#### PROBLEM DESCRIPTION:
Transcribe only the lines between the first line of the records and the line containing "Image of music hand-drawn icons", inclusive, exactly as written.

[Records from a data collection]
____

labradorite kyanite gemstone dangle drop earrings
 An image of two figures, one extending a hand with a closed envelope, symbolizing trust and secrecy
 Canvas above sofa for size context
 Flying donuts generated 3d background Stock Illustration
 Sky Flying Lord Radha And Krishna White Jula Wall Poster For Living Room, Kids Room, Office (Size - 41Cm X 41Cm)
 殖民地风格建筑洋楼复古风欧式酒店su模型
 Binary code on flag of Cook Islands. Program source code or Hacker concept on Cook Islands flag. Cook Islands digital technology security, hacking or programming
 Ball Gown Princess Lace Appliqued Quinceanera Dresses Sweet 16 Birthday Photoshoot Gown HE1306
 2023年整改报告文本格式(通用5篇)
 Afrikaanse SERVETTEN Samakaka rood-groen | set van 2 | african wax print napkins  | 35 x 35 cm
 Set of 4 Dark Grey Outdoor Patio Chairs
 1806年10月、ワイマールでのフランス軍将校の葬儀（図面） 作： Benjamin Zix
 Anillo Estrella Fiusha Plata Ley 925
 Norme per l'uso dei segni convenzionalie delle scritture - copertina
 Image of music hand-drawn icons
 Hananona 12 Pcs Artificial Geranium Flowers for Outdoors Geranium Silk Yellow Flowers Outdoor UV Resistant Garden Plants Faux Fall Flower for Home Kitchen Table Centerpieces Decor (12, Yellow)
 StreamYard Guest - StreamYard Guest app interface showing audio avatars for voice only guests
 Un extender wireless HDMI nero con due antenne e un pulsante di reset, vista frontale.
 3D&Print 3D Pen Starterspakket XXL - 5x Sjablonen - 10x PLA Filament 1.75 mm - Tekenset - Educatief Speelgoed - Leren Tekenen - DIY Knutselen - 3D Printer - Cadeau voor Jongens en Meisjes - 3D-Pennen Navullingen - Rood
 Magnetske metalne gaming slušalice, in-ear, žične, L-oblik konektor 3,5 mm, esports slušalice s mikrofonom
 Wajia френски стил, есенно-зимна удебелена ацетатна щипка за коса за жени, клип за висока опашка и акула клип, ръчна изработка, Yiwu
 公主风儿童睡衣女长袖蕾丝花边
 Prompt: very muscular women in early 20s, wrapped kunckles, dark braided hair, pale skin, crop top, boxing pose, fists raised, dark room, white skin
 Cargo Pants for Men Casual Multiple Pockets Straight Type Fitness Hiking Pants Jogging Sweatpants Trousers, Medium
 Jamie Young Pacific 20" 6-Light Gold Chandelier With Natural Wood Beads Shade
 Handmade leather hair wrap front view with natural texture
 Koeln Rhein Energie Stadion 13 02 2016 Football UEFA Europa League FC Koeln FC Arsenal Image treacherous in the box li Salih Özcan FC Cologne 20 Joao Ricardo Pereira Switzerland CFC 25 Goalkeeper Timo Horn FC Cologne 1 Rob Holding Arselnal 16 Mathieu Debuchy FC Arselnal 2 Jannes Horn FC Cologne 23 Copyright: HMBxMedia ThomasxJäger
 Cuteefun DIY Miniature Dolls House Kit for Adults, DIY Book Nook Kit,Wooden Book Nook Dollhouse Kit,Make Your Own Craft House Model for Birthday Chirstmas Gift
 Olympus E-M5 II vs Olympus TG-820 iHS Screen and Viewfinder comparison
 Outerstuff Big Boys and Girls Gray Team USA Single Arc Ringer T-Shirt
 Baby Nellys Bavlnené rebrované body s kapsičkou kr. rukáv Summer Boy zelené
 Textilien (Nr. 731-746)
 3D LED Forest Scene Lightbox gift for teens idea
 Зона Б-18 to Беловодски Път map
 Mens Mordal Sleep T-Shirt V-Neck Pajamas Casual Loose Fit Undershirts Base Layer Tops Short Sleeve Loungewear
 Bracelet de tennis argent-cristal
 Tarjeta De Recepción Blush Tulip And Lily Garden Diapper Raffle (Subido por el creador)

____

#### YOUR SOLUTION:
labradorite kyanite gemstone dangle drop earrings
 An image of two figures, one extending a hand with a closed envelope, symbolizing trust and secrecy
 Canvas above sofa for size context
 Flying donuts generated 3d background Stock Illustration
 Sky Flying Lord Radha And Krishna White Jula Wall Poster For Living Room, Kids Room, Office (Size - 41Cm X 41Cm)
 殖民地风格建筑洋楼复古风欧式酒店su模型
 Binary code on flag of Cook Islands. Program source code or Hacker concept on Cook Islands flag. Cook Islands digital technology security, hacking or programming
 Ball Gown Princess Lace Appliqued Quinceanera Dresses Sweet 16 Birthday Photoshoot Gown HE1306
 2023年整改报告文本格式(通用5篇)
 Afrikaanse SERVETTEN Samakaka rood-groen | set van 2 | african wax print napkins  | 35 x 35 cm
 Set of 4 Dark Grey Outdoor Patio Chairs
 1806年10月、ワイマールでのフランス軍将校の葬儀（図面） 作： Benjamin Zix
 Anillo Estrella Fiusha Plata Ley 925
 Norme per l'uso dei segni convenzionalie delle scritture - copertina
 Image of music hand-drawn icons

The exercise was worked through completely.